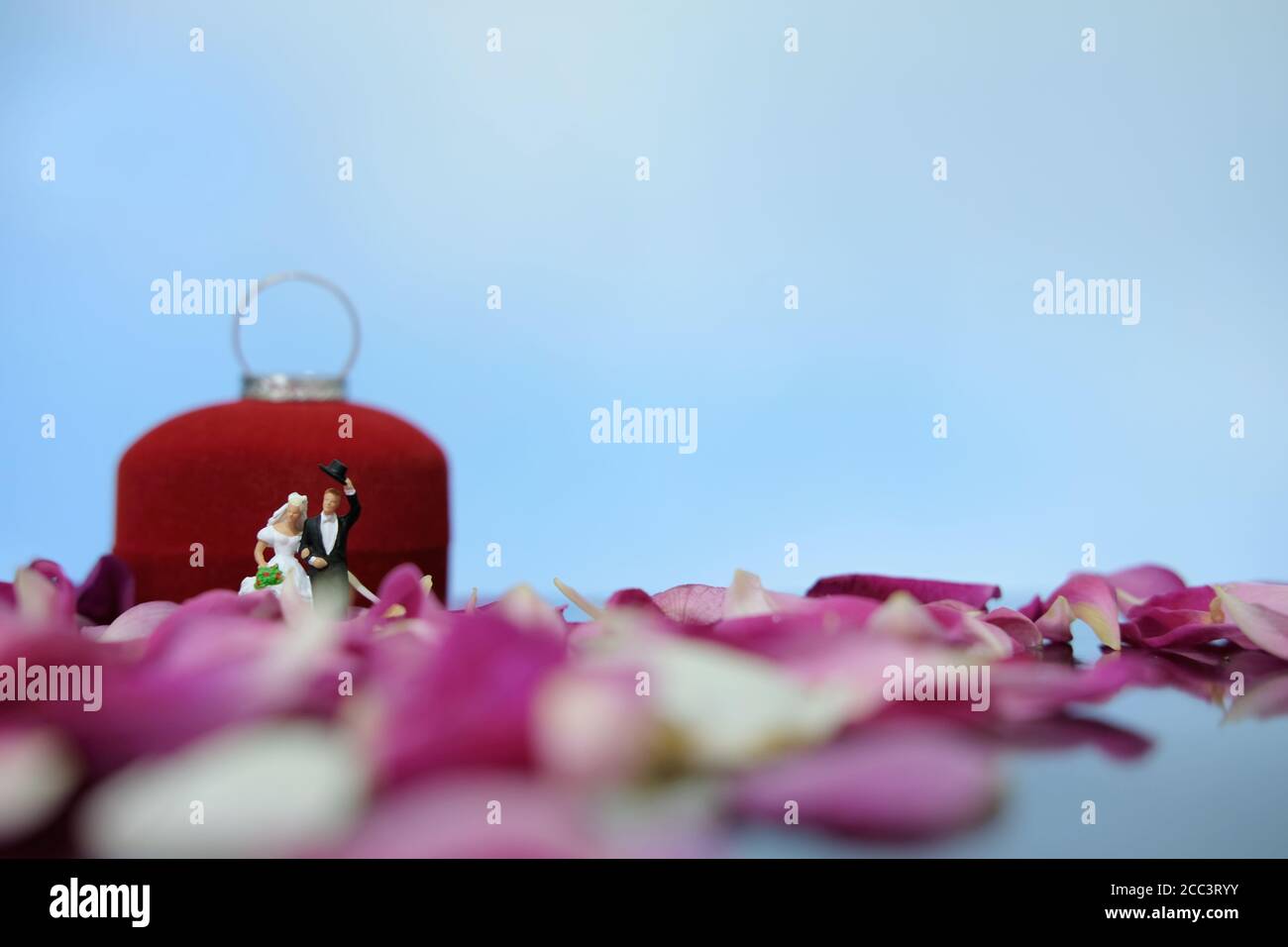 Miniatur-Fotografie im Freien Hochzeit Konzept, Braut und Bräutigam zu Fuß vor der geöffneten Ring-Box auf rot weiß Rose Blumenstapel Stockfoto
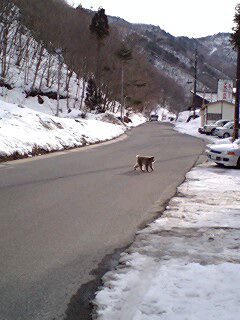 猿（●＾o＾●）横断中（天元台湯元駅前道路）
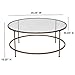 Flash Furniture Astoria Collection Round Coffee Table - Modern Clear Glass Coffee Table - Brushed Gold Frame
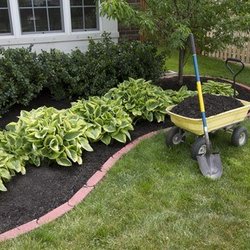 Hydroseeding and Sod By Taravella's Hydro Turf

PROBLEM TO WORK ON:
Print verbatim every line above, apart from the pictures.

RESPONSE AREA:
 Miniatur-Fotografie im Freien Hochzeit Konzept, Braut und Bräutigam zu Fuß vor der geöffneten Ring-Box auf rot weiß Rose Blumenstapel Stockfoto
 猿（●＾o＾●）横断中（天元台湯元駅前道路）
 Flash Furniture Astoria Collection Round Coffee Table - Modern Clear Glass Coffee Table - Brushed Gold Frame
 Hydroseeding and Sod By Taravella's Hydro Turf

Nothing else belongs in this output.